**Supplied data**
----

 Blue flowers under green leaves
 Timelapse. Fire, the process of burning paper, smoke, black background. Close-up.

----

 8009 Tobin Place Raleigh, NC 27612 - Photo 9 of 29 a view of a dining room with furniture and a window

----

**Task to carry out**
Looking at the data above, write out exactly the lines that start at the one containing "Blue flowers under green leaves" and end at the one containing "Timelapse. Fire, the"; include both and nothing beyond.

**Answer to this exercise**
 Blue flowers under green leaves
 Timelapse. Fire, the process of burning paper, smoke, black background. Close-up.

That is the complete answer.